All this happens when expectations of a possible global recession are increasing every day, a scenario that affects the price of copper, and therefore the income that Chile receives.
In an interview with BBC Mundo, Ricardo Avila, chief analyst at Colombian newspaper El Tiempo, says the Colombian currency “has depreciated more than most of its Latin American counterparts.”
In fact, the Colombian peso ranks third in the ranking after Argentina and Chile.
In addition to the international context that has prompted large investors to protect their capital in less risky assets, “in the case of Colombia, there is an additional element of political risk,” Avila explains.

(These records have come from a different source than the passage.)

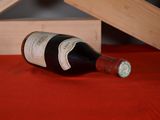 a bottle of wine sitting on a table next to a wooden box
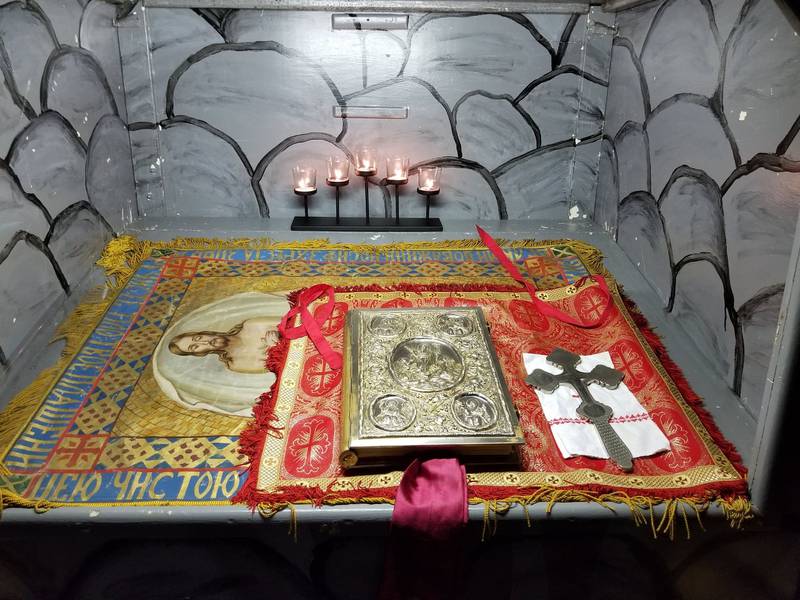 Pictured is the "tomb of Christ" from a pre-pandemic year at St. Nicholas Orthodox Church in Homewood, which is under the Ukrainian Orthodox Church – Kyiv Patriarchate. Some churches keep round-the-clock vigils at the tomb, starting with the end of Good Friday services until matins at midnight on Easter Sunday.
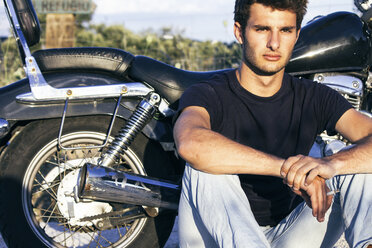 Spain, Madrid, young man sitting next to his motorbike at sunset - ABZF000025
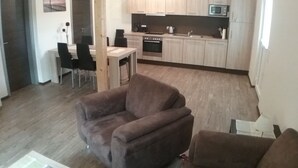 A modern living room with a brown sofa, a dining area with a table and chairs, and a kitchen with light wooden cabinets and a microwave. - Welcome to our apartments of Villa Wald-Eck (Apartment 2)  (Ückeritz)
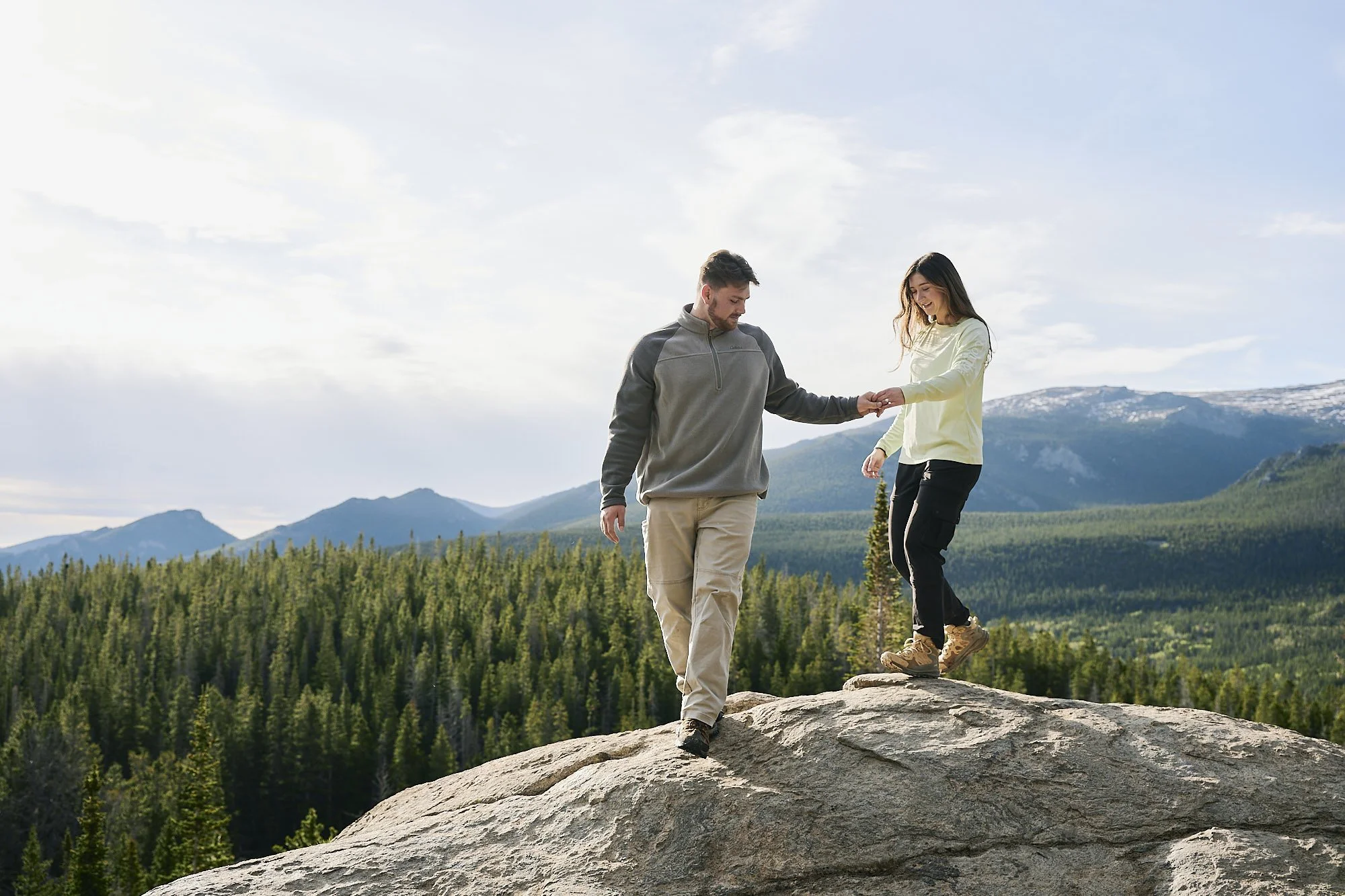 A couple holds hands as they walk down off of an overlook on the trail to Dream Lake.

In his view, there is concern about Gustavo Petro’s coming to power, so much so that he conveyed the message that Colombia will depend less on oil, its main export product.
Given the possibility that Petro will not sign new contracts for oil exploration, for example, the forecast shows, Avila points out, that in 2026 Colombia will have to start importing gas and in 2028 Colombia will have to start importing oil.
He explains that if that promise comes true, there is a fear that Colombia could face a currency deficit and devaluation.
“Last month, the Colombian peso was devalued a lot and it coincides with the election of Petro.”
Other observers argue that this is not the case because Columbia’s debt securities have not been devalued. Now, on the issue of foreign exchange specifically, the expert says, “If the perception is that there will be less dollar entry, that ultimately affects the exchange rate.”
The only country indicating a clear trend against the tide is Uruguay, whose currency appreciated more than 10% in 2022 against the dollar.
The Uruguayan peso has rebounded since the country’s central bank announced on May 17 that it intends to raise the benchmark interest rate by at least 100 basis points to 10.25% in mid-August, as one of the measures to contain inflation.
The currency is also getting a boost from booming exports of agricultural commodities such as beef, wood pulp and soybeans, on the back of higher commodity prices after the Russian invasion of Ukraine.